“The exercise of a little power for a limited time with the ever-present danger of annihilation”. Me on the Lib Dems’ prospects in Coalition. In 2009.
by Stephen Tall on June 12, 2012
A chance Google search caused me to re-read one of my old blog-posts today, from March 2009 — That hoary old Hung Parliament chestnut — 14 months before the last general election and the formation of the first post-war Coalition government. Parts of it have aged badly, for instance:
… I have little doubt that party members would vote down any deal, unless it came with the promise of propertional representation as a package of reform measures – and that’s not going to be offered by either Labour or the Tories. … the really interesting hung Parliament scenario is not ‘who will the Lib Dems do a deal with’ (because the answer is no-one). No, the really interesting question is ‘what happens when the Lib Dems refuse to do a deal with anyone?’.

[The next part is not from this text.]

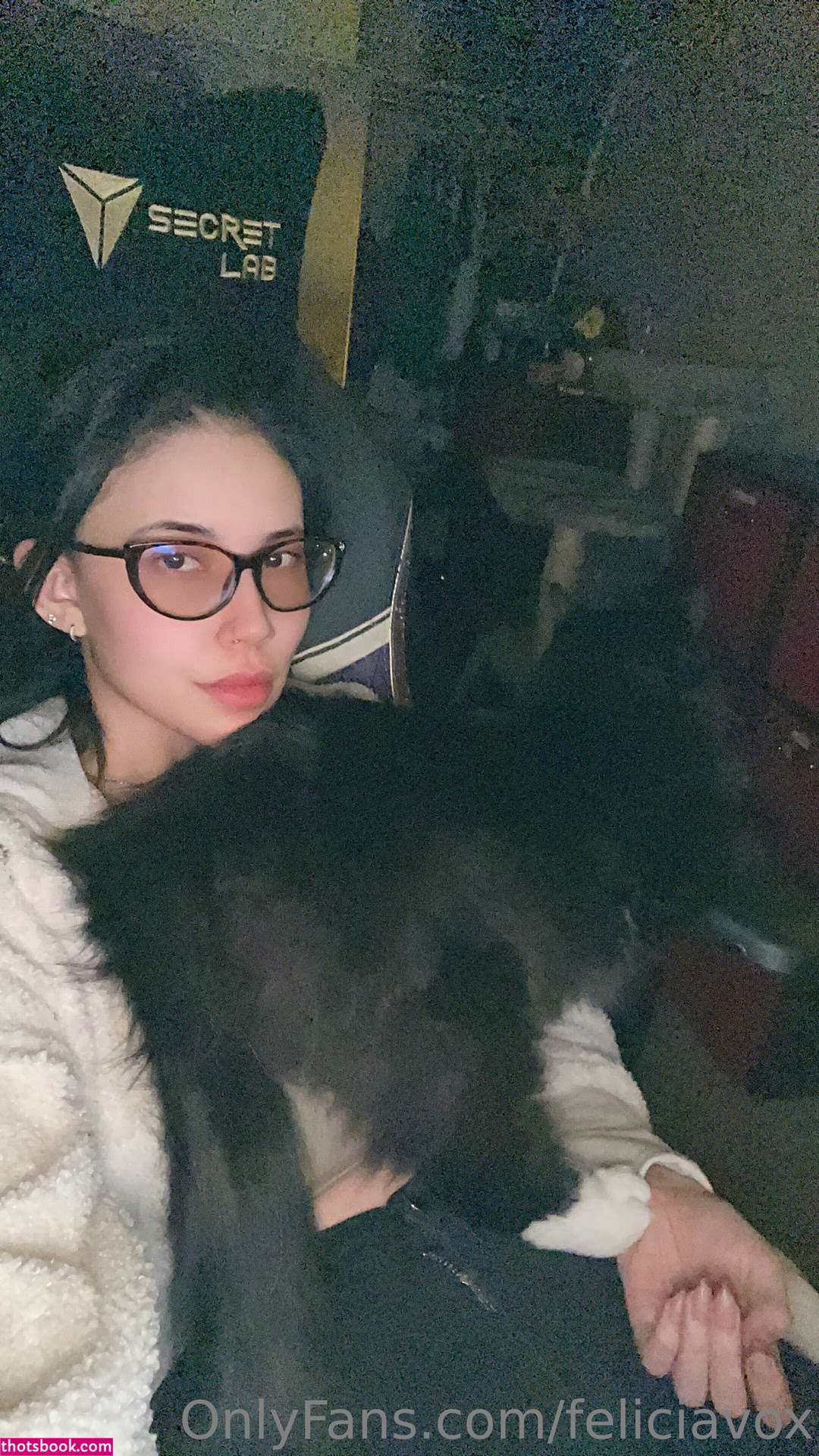 FeliciaVox Nude OnlyFans Photos #9 320985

Other parts of it have, alas, aged slightly more prophetically:
Surely it’s not so very hard to see why the party and its leadership approaches the prospect [of a Hung Parliament] with caution rather than relish? After all, last time the third party propped up the government of the day under a first-past-the-post system (the Liberals in 1977-79), it didn’t exactly do wonders for our electoral standing. That’s not to say we shouldn’t as a party be anxious to get our hands dirty pulling the levers of power; but let’s be realistic about the risks, eh? The fear is a simple and potent one: seem to favour either Tories or Labour, and we split our own party and antagonise the voters of the party we didn’t pick. Net result to the Lib Dems: the exercise of a little power for a limited time with the ever-present danger of annihilation at the next election.